Lately I've been trying to catch up on all the changes in replication in SQL
2005 and one in particular struck me as interesting - how transactional
replication handles replication of identity columns. If you've done this with
SQL 2000 you know that if you have a table on the publisher that has an identity
column that when the snapshot creates the table on the subscriber it will not
have the identity column. This makes pretty good sense for two reasons; one is
that the subscriber is generally considered read only, the other is that if you
had an identity column on the subscriber you'd have to deal with the possibility
of a key collision if someone had added a row on the subscriber and ended up
using a key that was later generated on the publisher.
Now to make it a little more complicated there is also the concept of having
subscribers that can be updated and have those changes pushed back to the
publisher. SQL 2000 would let you do this by assigning identity ranges to each
subscriber, so that Subscriber A might have the range 100k-200k, Subscriber B
200k-300k, and the publisher would have 1-100k (and obviously the ranges could
not overlap). As the ranges approached the 80% utilization mark there was a proc
(sp_adjustpublisheridentityrange) that would be called on the publisher to go
and get a new range. Works well enough in most cases.
So that's the way the world was, but in SQL 2005 there is a tiny change -
tables with identity columns keep the identity column on the subscribers even if
they are not updateable. We'll talk about why the change was made in a moment,
but I was curious to see how they implemented the change. If you've ever
looked at the stored procedures SQL generates on the subscribers you've probably
seen something like this:
ALTER procedure [dbo].[sp_MSins_dboEmployees]

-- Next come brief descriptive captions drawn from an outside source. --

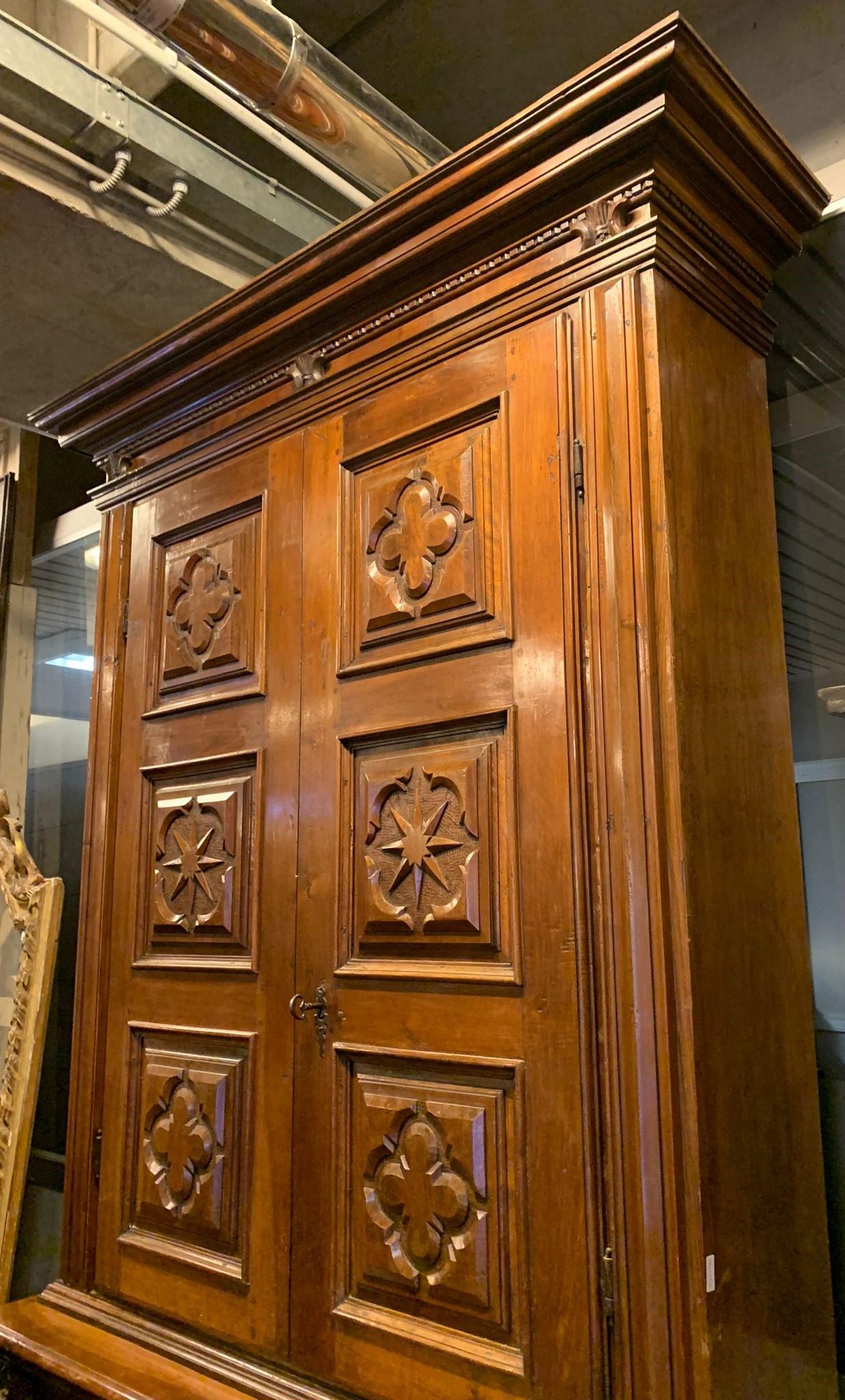 Double-body cabinet in richly carved walnut wood, Tuscany For Sale 1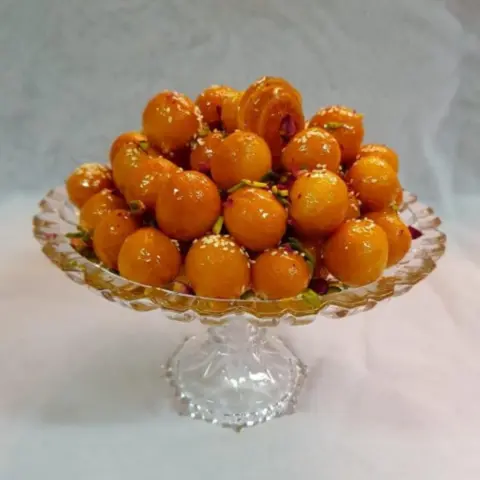 لقيمات يحبها قلبك مزينة بصوصات وسمسم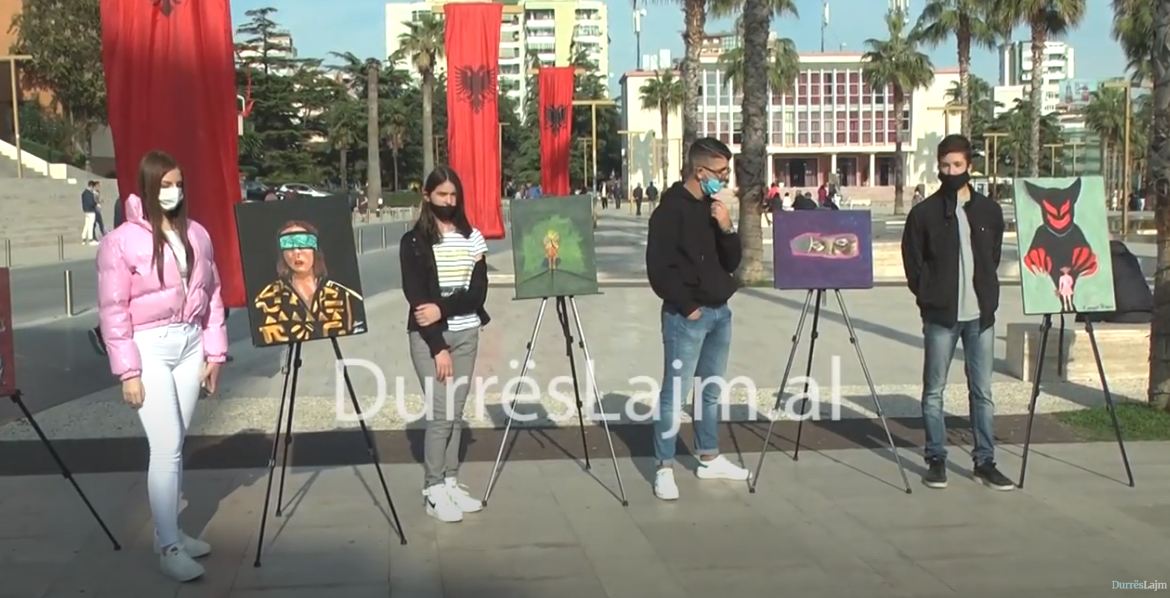 &#8220;Care and dare&#8221; në Durrës, ekspozitë sensibilizuese e nxënësve kundër trafikut njerëzor (VIDEO)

@c1 int,@c2 datetime,@c3 varchar(50),@c4 varchar(50)
as
begin
insert into "dbo"."Employees"(
"EmployeeID"
,"DateAdded"
,"FirstName"
,"LastName"
)
values (
@c1
,@c2
,@c3
,@c4
)
end
Now that proc makes perfect sense if there is no identity column on the
EmployeeID column, SQL is explicitly providing the value. Add the identity
column back to the table on the subscriber and things would break, right? My off
the cuff thought when I started looking was that I expected to see something
like this:
ALTER procedure [dbo].[sp_MSins_dboEmployees]
@c1 int,@c2 datetime,@c3 varchar(50),@c4 varchar(50)
as
begin
set identity_insert employees on
insert into "dbo"."Employees"(
"EmployeeID"
,"DateAdded"
,"FirstName"
,"LastName"
)
values (
@c1
,@c2
,@c3
,@c4
)
set identity_insert employees off
end
That's how we would normally add a row to a table with an identity column
when we needed to set the value explicitly. But when I created a new publication
to see, I was surprised to see the proc looked just like it always did. Strange,
so how did they accomplish the insert? My next thought was maybe an instead of
trigger on the subscriber, but there were no triggers. Starting up Profiler and
doing a few inserts, I found this:
Nothing on sp_MSPub_adjust_identity in BOL, so I opened it up to see for
myself. Lots of TSQL, so down the rabbit hole for a few minutes looking at stuff
that while interesting, doesn't seem to be overriding or resetting the identity
value. Go back and test again, make sure I haven't looked at wrong table or
something, still works. I reset the seed on the subscriber, insert from the
publisher still works and the seed not changed on the subscriber. I back up and
look once more, and then I see it - "Not for Replication" on the identity
column. Makes perfect sense, that's the same technique that would be used for
updating subscribers. If you look in BOL at the definition you'll see:
- Foreign key constraints - The foreign key constraint is not enforced
when a replication agent performs an insert, update, or delete operation.
- Check constraints - The check constraint is not enforced when a
replication agent performs an insert, update, or delete operation.
- Identity columns - The identity column value is not incremented when a
replication agent performs an insert operation.
- Triggers - The trigger is not executed when a replication agent performs
an insert, update, or delete operation.
So, it's easy to get off track when you start with a bad assumption! The one
thing I think about as I document this is that I wish you could see the 'not for
replication option' being applied in Profiler, that would have saved me a few
minutes, bad assumption or not.
Now let's talk about why the change is important. Lot's of people use
transactional replication to push data to a reporting server. It's easy to set
up and administer, and putting reports on a different server both isolates the
reports from the OLTP side of things and allows you to index more aggressively
to gain speed in reporting. It's then natural to think that the subscriber
becomes a perfect fail over target if the publisher catches on fire. This is
mostly true, you'll have data to within a few seconds typically, but when you
point your applications at the new server and start doing inserts they would
fail in SQL 2000 - no identity columns. If you're using SQL 2000 and wanted to
use it as a failover you needed to have scripts ready to alter the tables to add
the identity columns. Not terribly hard, but one extra step. With this minor
change in SQL 2005 you don't have to worry about making that change any longer.
I hope you'll find the replication change interesting, and maybe my missteps
on seeing how it works will help you somehow too!